NOWY DWÓR MAZ. Nie będzie windy do nieba, ale na perony już tak
2020-02-12 1:55:57
Temat zdewastowanych i notorycznie niedziałających wind na stacji PKP w Nowym Dworze Mazowieckim bulwersuje mieszkańców od dawna. Z dużymi opóźnieniami, ale widać światełko w tunelu
Jeszcze do niedawna w nieczynnych od dłuższego czasu windach wisiała informacja dla podróżnych, że planowany termin uruchomienia nastąpi 31.01.2020 r. Platformy są jedyną możliwością, która może zapewnić wjazd na perony osobom niepełnosprawnym oraz rodzicom z dziećmi w wózkach. Trzeba zaznaczyć, że windy nie służą do przewożenia rowerów. W tym celu została zamontowana specjalna rynna na schodach, która niestety nie pomoże przy transporcie wózka z dzieckiem.
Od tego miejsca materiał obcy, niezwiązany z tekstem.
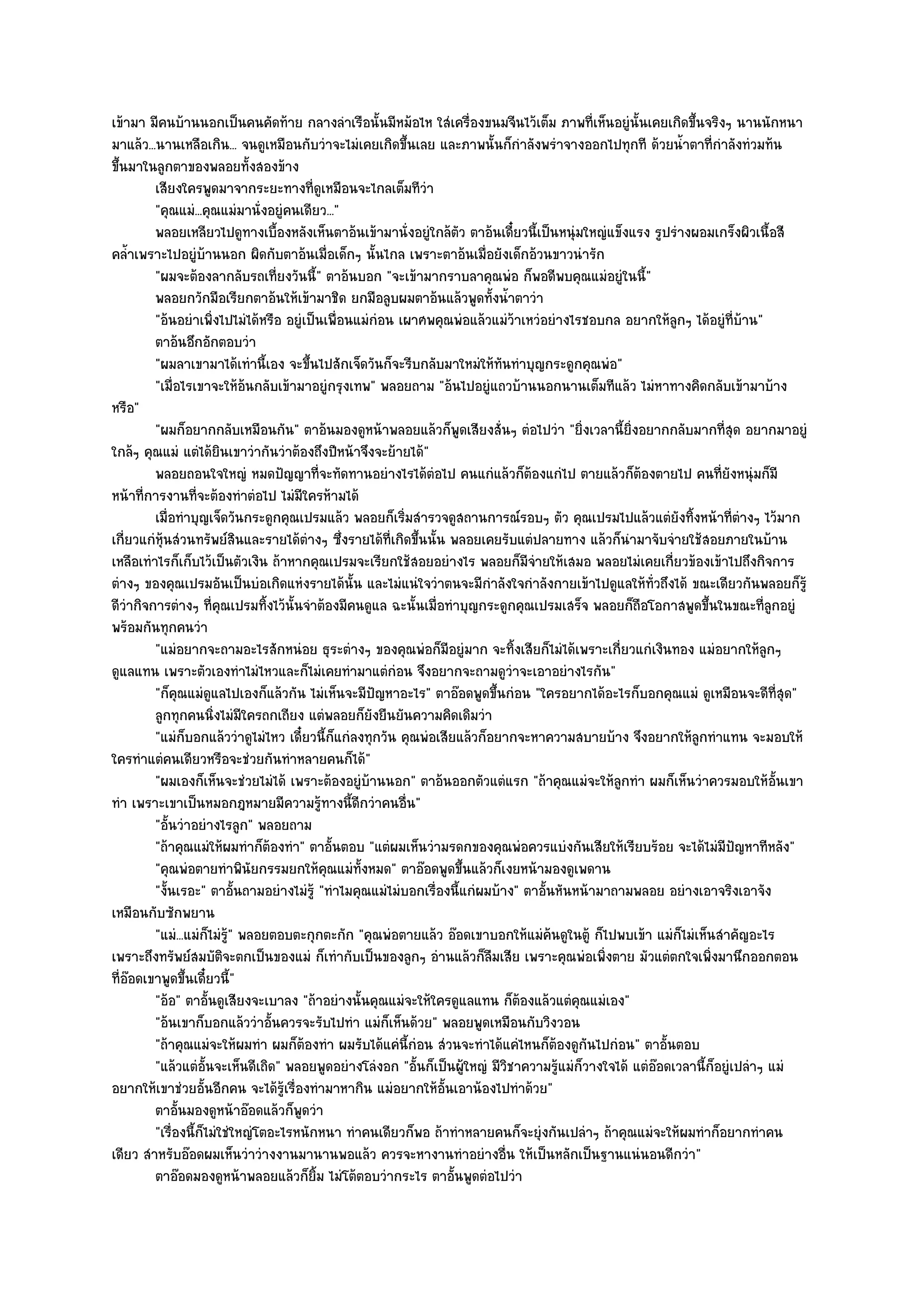 เข๎ามา มีคนบ๎านนอกเป็นคนคัดท๎าย กลางลําเรือนั้นมีหม๎อไห ใสํเครื่องขนมจีนไว๎เต็ม ภาพที่เห็นอยูํนั้นเคยเกิดขึ้นจริงๆ นานนักหนา
มาแล๎ว...นานเหลือเกิน... จนดูเหมือนกับวําจะไมํเคยเกิดขึ้นเลย และภาพนั้นก็กําลังพรําจางออกไปทุกที ด๎วยน้ําตาที่กําลังทํวมท๎น
ขึ้นมาในลูกตาของพลอยทั้งสองข๎าง
         เสียงใครพูดมาจากระยะทางที่ดเหมือนจะไกลเต็มทีวา
                                             ู                ํ
         "คุณแมํ...คุณแมํมานั่งอยูํคนเดียว..."
         พลอยเหลียวไปดูทางเบื้องหลังเห็นตาอ๎นเข๎ามานั่งอยูํใกล๎ตว ตาอ๎นเดี๋ยวนี้เป็นหนุํมใหญํแข็งแรง รูปรํางผอมเกร็งผิวเนื้อสี
                                                                     ั
คล้ําเพราะไปอยูํบ๎านนอก ผิดกับตาอ๎นเมื่อเด็กๆ นั้นไกล เพราะตาอ๎นเมื่อยังเด็กอ๎วนขาวนํารัก
         "ผมจะต๎องลากลับรถเที่ยงวันนี้" ตาอ๎นบอก "จะเข๎ามากราบลาคุณพํอ ก็พอดีพบคุณแมํอยูํในนี้"
         พลอยกวักมือเรียกตาอ๎นให๎เข๎ามาชิด ยกมือลูบผมตาอ๎นแล๎วพูดทังน้าตาวํา้ ํ
         "อ๎นอยําเพิ่งไปไมํได๎หรือ อยูํเป็นเพื่อนแมํกํอน เผาศพคุณพํอแล๎วแมํว๎าเหวํอยํางไรชอบกล อยากให๎ลกๆ ได๎อยูํที่บ๎าน"
                                                                                                            ู
         ตาอ๎นอึกอักตอบวํา
         "ผมลาเขามาได๎เทํานี้เอง จะขึ้นไปสักเจ็ดวันก็จะรีบกลับมาใหมํให๎ทันทําบุญกระดูกคุณพํอ"
         "เมื่อไรเขาจะให๎อ๎นกลับเข๎ามาอยูํกรุงเทพ" พลอยถาม "อ๎นไปอยูํแถวบ๎านนอกนานเต็มทีแล๎ว ไมํหาทางคิดกลับเข๎ามาบ๎าง
หรือ"
         "ผมก็อยากกลับเหมือนกัน" ตาอ๎นมองดูหน๎าพลอยแล๎วก็พูดเสียงสั่นๆ ตํอไปวํา "ยิ่งเวลานี้ยิ่งอยากกลับมากที่สุด อยากมาอยูํ
ใกล๎ๆ คุณแมํ แตํได๎ยินเขาวํากันวําต๎องถึงปีหน๎าจึงจะย๎ายได๎"
         พลอยถอนใจใหญํ หมดปัญญาที่จะทัดทานอยํางไรได๎ตอไป คนแกํแล๎วก็ตองแกํไป ตายแล๎วก็ตองตายไป คนทียงหนุํมก็มี
                                                                ํ                 ๎                    ๎             ่ั
หน๎าที่การงานที่จะต๎องทําตํอไป ไมํมีใครห๎ามได๎
         เมื่อทําบุญเจ็ดวันกระดูกคุณเปรมแล๎ว พลอยก็เริมสํารวจดูสถานการณ๑รอบๆ ตัว คุณเปรมไปแล๎วแตํยงทิงหน๎าที่ตางๆ ไว๎มาก
                                                          ่                                                   ั ้          ํ
เกี่ยวแกํหุ๎นสํวนทรัพย๑สินและรายได๎ตํางๆ ซึ่งรายได๎ที่เกิดขึ้นนั้น พลอยเคยรับแตํปลายทาง แล๎วก็นํามาจับจํายใช๎สอยภายในบ๎าน
เหลือเทําไรก็เก็บไว๎เป็นตัวเงิน ถ๎าหากคุณเปรมจะเรียกใช๎สอยอยํางไร พลอยก็มจํายให๎เสมอ พลอยไมํเคยเกี่ยวข๎องเข๎าไปถึงกิจการ
                                                                                ี
ตํางๆ ของคุณเปรมอันเป็นบํอเกิดแหํงรายได๎นั้น และไมํแนํใจวําตนจะมีกําลังใจกําลังกายเข๎าไปดูแลให๎ทั่วถึงได๎ ขณะเดียวกันพลอยก็รู๎
ดีวํากิจการตํางๆ ที่คุณเปรมทิ้งไว๎นั้นจําต๎องมีคนดูแล ฉะนั้นเมื่อทําบุญกระดูกคุณเปรมเสร็จ พลอยก็ถอโอกาสพูดขึ้นในขณะที่ลูกอยูํ
                                                                                                     ื
พร๎อมกันทุกคนวํา
         "แมํอยากจะถามอะไรสักหนํอย ธุระตํางๆ ของคุณพํอก็มอยูํมาก จะทิ้งเสียก็ไมํได๎เพราะเกี่ยวแกํเงินทอง แมํอยากให๎ลกๆ
                                                                   ี                                                           ู
ดูแลแทน เพราะตัวเองทําไมํไหวและก็ไมํเคยทํามาแตํกํอน จึงอยากจะถามดูวําจะเอาอยํางไรกัน"
         "ก็คุณแมํดูแลไปเองก็แล๎วกัน ไมํเห็นจะมีปญหาอะไร" ตาอ๏อดพูดขึ้นกํอน "ใครอยากได๎อะไรก็บอกคุณแมํ ดูเหมือนจะดีที่สุด"
                                                      ั
         ลูกทุกคนนิงไมํมีใครถกเถียง แตํพลอยก็ยงยืนยันความคิดเดิมวํา
                       ่                            ั
         "แมํก็บอกแล๎ววําดูไมํไหว เดี๋ยวนี้ก็แกํลงทุกวัน คุณพํอเสียแล๎วก็อยากจะหาความสบายบ๎าง จึงอยากให๎ลกทําแทน จะมอบให๎
                                                                                                                  ู
ใครทําแตํคนเดียวหรือจะชํวยกันทําหลายคนก็ได๎"
         "ผมเองก็เห็นจะชํวยไมํได๎ เพราะต๎องอยูํบ๎านนอก" ตาอ๎นออกตัวแตํแรก "ถ๎าคุณแมํจะให๎ลูกทํา ผมก็เห็นวําควรมอบให๎อั้นเขา
ทํา เพราะเขาเป็นหมอกฎหมายมีความรู๎ทางนี้ดีกวําคนอื่น"
         "อั้นวําอยํางไรลูก" พลอยถาม
         "ถ๎าคุณแมํให๎ผมทําก็ต๎องทํา" ตาอั้นตอบ "แตํผมเห็นวํามรดกของคุณพํอควรแบํงกันเสียให๎เรียบร๎อย จะได๎ไมํมีปญหาทีหลัง"
                                                                                                                         ั
         "คุณพํอตายทําพินัยกรรมยกให๎คุณแมํท้งหมด" ตาอ๏อดพูดขึ้นแล๎วก็เงยหน๎ามองดูเพดาน
                                                  ั
         "งั้นเรอะ" ตาอั้นถามอยํางไมํรู๎ "ทําไมคุณแมํไมํบอกเรื่องนี้แกํผมบ๎าง" ตาอั้นหันหน๎ามาถามพลอย อยํางเอาจริงเอาจัง
เหมือนกับซักพยาน
         "แมํ...แมํก็ไมํร" พลอยตอบตะกุกตะกัก "คุณพํอตายแล๎ว อ๏อดเขาบอกให๎แมํค๎นดูในตู๎ ก็ไปพบเข๎า แมํก็ไมํเห็นสําคัญอะไร
                          ู๎
เพราะถึงทรัพย๑สมบัติจะตกเป็นของแมํ ก็เทํากับเป็นของลูกๆ อํานแล๎วก็ลมเสีย เพราะคุณพํอเพิ่งตาย มัวแตํตกใจเพิ่งมานึกออกตอน
                                                                          ื
ที่อ๏อดเขาพูดขึ้นเดี๋ยวนี้"
         "อ๎อ" ตาอั้นดูเสียงจะเบาลง "ถ๎าอยํางนั้นคุณแมํจะให๎ใครดูแลแทน ก็ต๎องแล๎วแตํคุณแมํเอง"
         "อ๎นเขาก็บอกแล๎ววําอั้นควรจะรับไปทํา แมํก็เห็นด๎วย" พลอยพูดเหมือนกับวิงวอน
         "ถ๎าคุณแมํจะให๎ผมทํา ผมก็ต๎องทํา ผมรับได๎แคํนี้กํอน สํวนจะทําได๎แคํไหนก็ต๎องดูกนไปกํอน" ตาอั้นตอบ
                                                                                            ั
         "แล๎วแตํอั้นจะเห็นดีเถิด" พลอยพูดอยํางโลํงอก "อั้นก็เป็นผู๎ใหญํ มีวิชาความรู๎แมํก็วางใจได๎ แตํอ๏อดเวลานี้ก็อยูํเปลําๆ แมํ
อยากให๎เขาชํวยอั้นอีกคน จะได๎รู๎เรื่องทํามาหากิน แมํอยากให๎อั้นเอาน๎องไปทําด๎วย"
         ตาอันมองดูหน๎าอ๏อดแล๎วก็พดวํา
               ้                      ู
         "เรื่องนี้ก็ไมํใชํใหญํโตอะไรหนักหนา ทําคนเดียวก็พอ ถ๎าทําหลายคนก็จะยุํงกันเปลําๆ ถ๎าคุณแมํจะให๎ผมทําก็อยากทําคน
เดียว สําหรับอ๏อดผมเห็นวําวํางงานมานานพอแล๎ว ควรจะหางานทําอยํางอื่น ให๎เป็นหลักเป็นฐานแนํนอนดีกวํา"
         ตาอ๏อดมองดูหน๎าพลอยแล๎วก็ยม ไมํโต๎ตอบวํากระไร ตาอั้นพูดตํอไปวํา
                                          ้ิ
Tak duże utrudnienia zmuszają osoby niepełnosprawne do rezygnacji z podróży koleją, ale nie tylko. Przejście tunelem pod peronami jest najszybszą drogą, którą mieszkańcy mogą przedostać się na drugą stronę linii kolejowej (np. z Centrum na Osiedle Młodych). Na wiadukt nad torami jest zakaz wejścia osobom pieszym. Chodnik, który jest z jednej strony wiaduktu służy tylko jako przejście techniczne. Najbliższa możliwa “przeprawa” przez tory znajduję się dopiero u zbiegu ul. Nałęcza lub wiaduktem na ul. Leśnej. Tak długą drogę muszą pokonać osoby z ograniczeniami ruchowymi, by przedostać się na drugą stronę miasta.
7 lutego burmistrz Jacek Kowalski poinformował mieszkańców, że właśnie rozpoczyna się renowacja wind, która jest prowadzona przez PKP Polskie Linie Kolejowe – zarządcę narodowych linii kolejowych. W informacji czytamy, że remont będzie obejmował malowanie szybów oraz wymianę konstrukcji szybowych. Prace postępują szybko, już po kilku dniach widać zmiany na lepsze. Niestety nie jest podany termin ich ukończenia, a windą i tak nie dotrzemy do nieba, którym dla wielu mieszkańców byłby nowy budynek dworca i wyremontowany parking.